**Supplied data:**
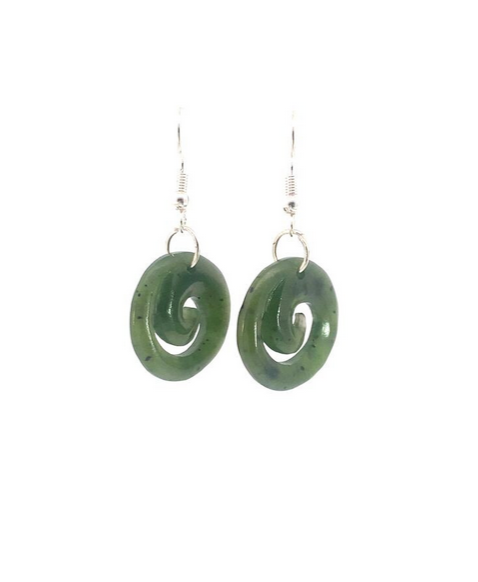 Sterling Silver Greenstone Koru Hook Drop Earrings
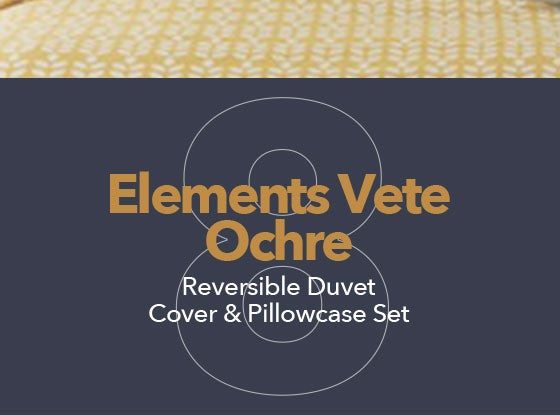 Elements Vete Ochre Reversible Duvet Cover and Pillowcase Set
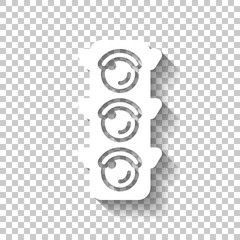 Traffic light icon. White icon with shadow on transparent backgr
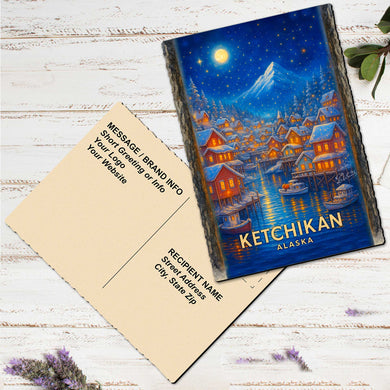 A postcard featuring a snowy village scene with a bright moon and stars in the night sky, along with the text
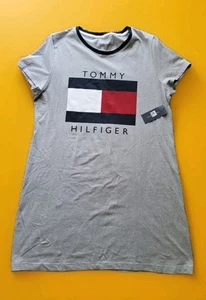 Tommy Hilfiger Womens Gray Short Sleeve Logo T Shirt Dress Size XL NWT - Picture 1 of 7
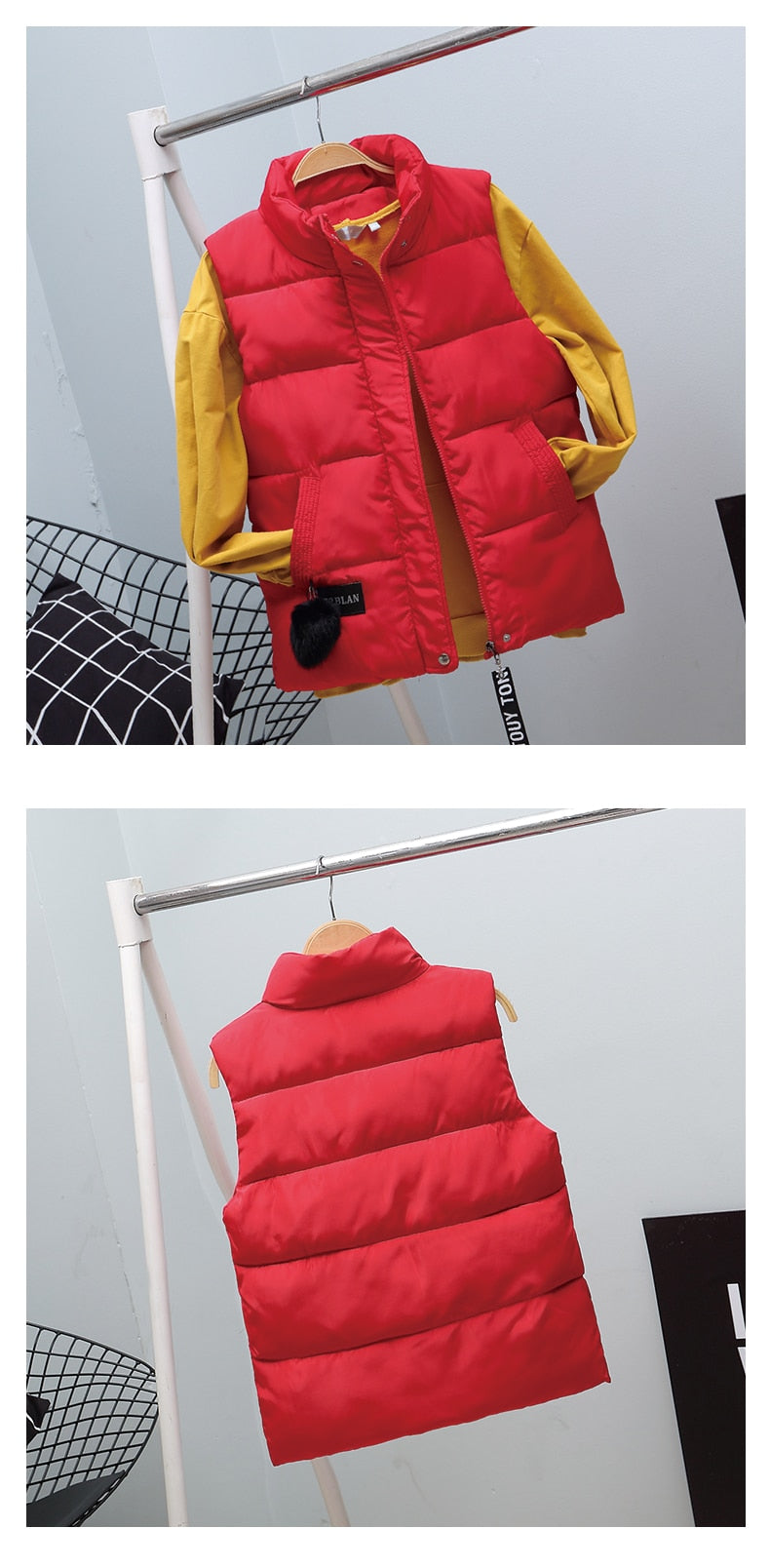 Women Vest Mandarin Collar Sleeveless Short Coat Women Plus Size Autumn Winter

**Your instructions:** Print the material word for word without images.

**Solution to the problem:**
 Sterling Silver Greenstone Koru Hook Drop Earrings
 Elements Vete Ochre Reversible Duvet Cover and Pillowcase Set
 Traffic light icon. White icon with shadow on transparent backgr
 A postcard featuring a snowy village scene with a bright moon and stars in the night sky, along with the text
 Tommy Hilfiger Womens Gray Short Sleeve Logo T Shirt Dress Size XL NWT - Picture 1 of 7
 Women Vest Mandarin Collar Sleeveless Short Coat Women Plus Size Autumn Winter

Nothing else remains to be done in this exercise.